Весною 38-го на Челябинском тракторном был арестован мой отец-инженер. Мать вернулась в Москву. Когда я спросил ее, сколько получал отец, она назвала увесистую для студента-стипендиата сумму. Но в приступе самонадеянного благородства я сказал, что она будет иметь больше: "Возможные передачи и прочее..." Мне пришлось всерьез искать внештатную работу: не хотелось бросать университет, да и никто не принял бы меня в штат с репрессированным отцом и старшим братом (тоже инженером). Не помню, кто из литературных друзей - поэтов и критиков - надоумил меня попробовать силы на критическом разборе стихов начинающих. Если память не путает, это обещало рубль или трешку за ответ на графоманское письмо. Думаю, что покойный Женя Бернштейн, почти мой однолетка, но уже известный к тому времени критик (Евгеньев), постоянно печатавшийся в "Литгазете" и со всеми знакомый, думаю, что вероятнее всего он порекомендовал меня, своего старого приятеля по Бригаде Маяковского, "прекрасному и вдумчивому парню Мише Миллеру". Эта формула - "прекрасный и вдумчивый парень" - запала мне в память, потому что ее не раз повторяла позднее Мишина соседка по редакции "графиня Разумовская", как он ее называл, сидевшая за стеной в отделе критики.

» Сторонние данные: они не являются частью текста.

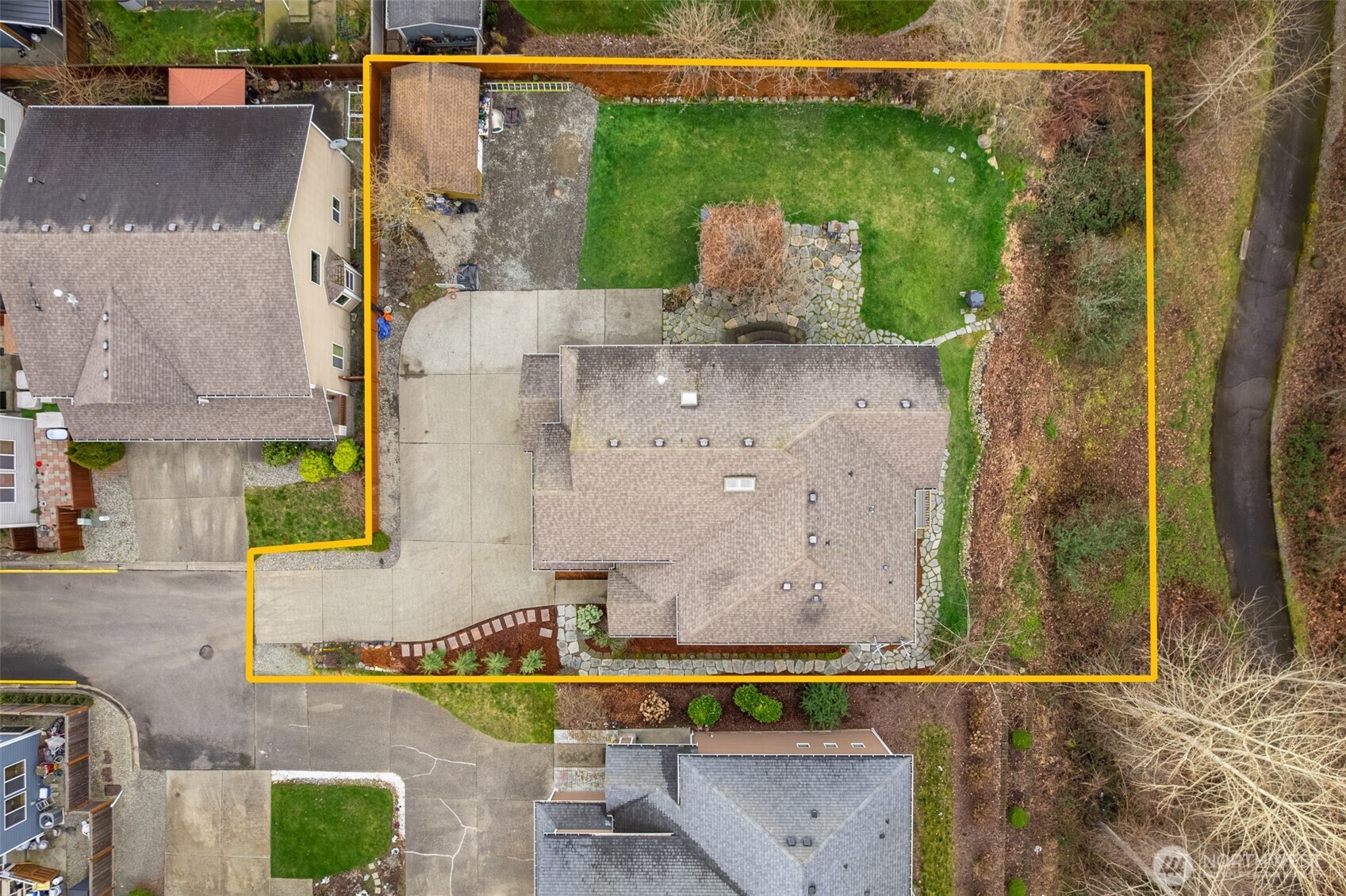 Full Lot backed up to greenbelt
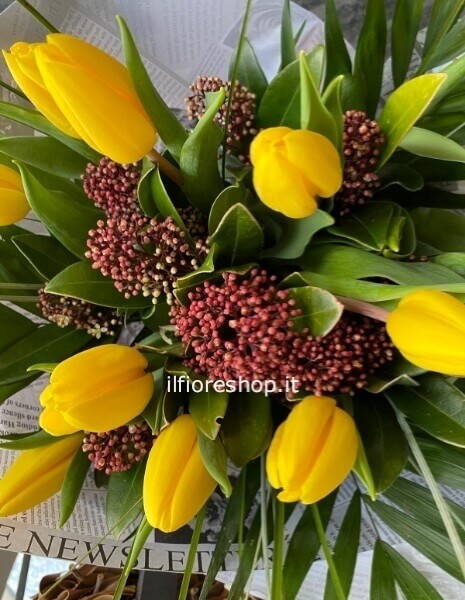 BOUQUET TULIPANI CON VERDE SKIMMIA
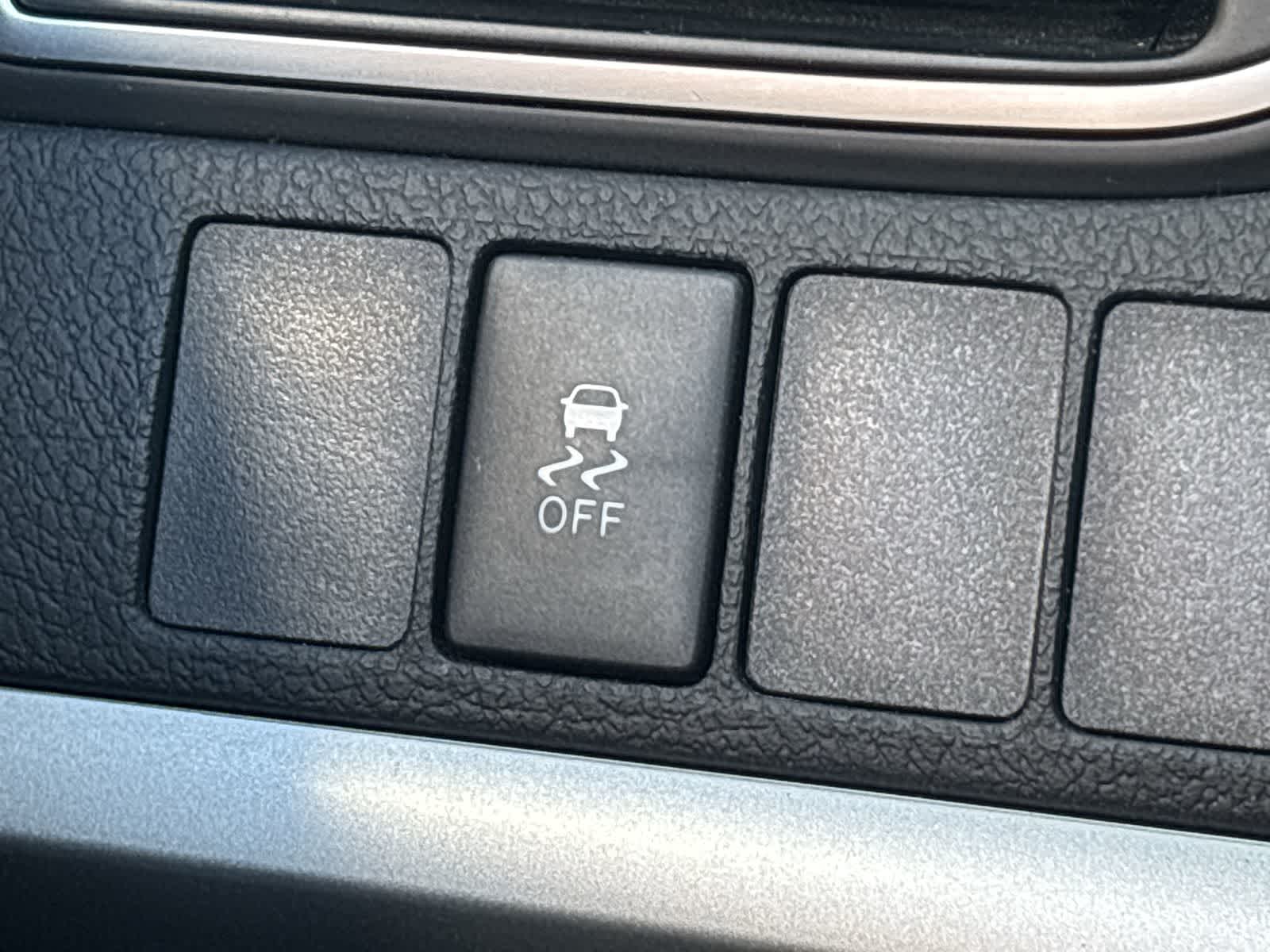 Thumbnail: 2015 Toyota Camry - 32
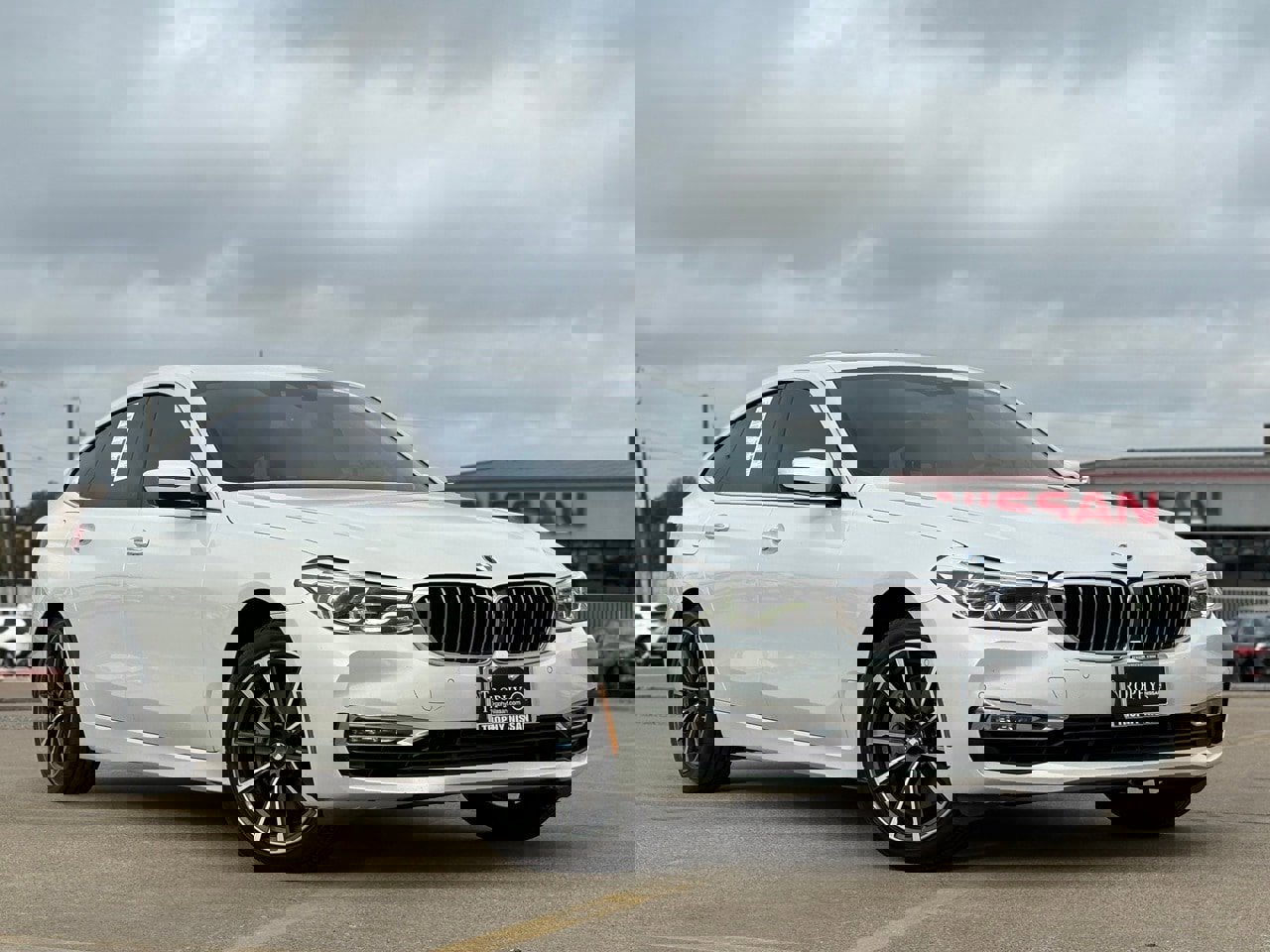 Used 2018 BMW 640i Gran Turismo xDrive w/ Executive Package image 2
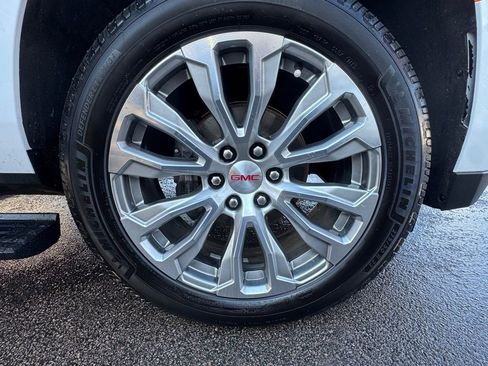 Used 2023 GMC Yukon Denali w/ Max Trailering Package image 14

При первой нашей встрече, - поденщика и работодателя, полуосвещенный работодатель встал, оказался такого же роста и такой же худобы, как его будущий поденщик, приветливо сказал - "а-а, это вы!" и протянул мне руку над неустойчивой грудой приколотых к конвертам писем. Кто-то из нас, или мы оба, совершил или совершили, неловкость: груда полетела на пол. Дальше мы говорили, сидя на корточках и собирая рукописи. Может быть поэтому, когда мы выпрямились и уселись визави, появилось чувство, будто мы уже издавна знакомы и успели надежно испытать друг друга на верность. Мы еще оставались "на Вы", но уже перешли на имена. (И я до сих пор не знаю, как звали Мишу Миллера по отчеству). Запомнились из того разговора две подробности. Одна мило, но мало-важная: "вот это - ваши золотые россыпи" - сказал Миша, накрыв ладонью собранную груду стихов. Другая подробность была существенней и нашими улыбками не сопровождалась.
Дабы никого не подвести, - ни рекомендателя, ни работодателя, - мне надо было в какой-то форме сказать, что мой отец сидит. И для смягчения этой моей недоброкачественности добавить, что дело его разбирается и, вероятно, он будет освобожден, как ни в чем не виноватый... Я начал: "Миша, мне надо вас предупредить..." И тут он сразу прервал меня, понизив голос: "я знаю, но анкету вам заполнять не нужно, только не распространяйтесь об этом... " Лишь те, кто сегодня числятся в старших поколениях, могут по достоинству оценить тот его поступок. Потому что это был ПОСТУПОК, а не деталь разговора двух молодых людей.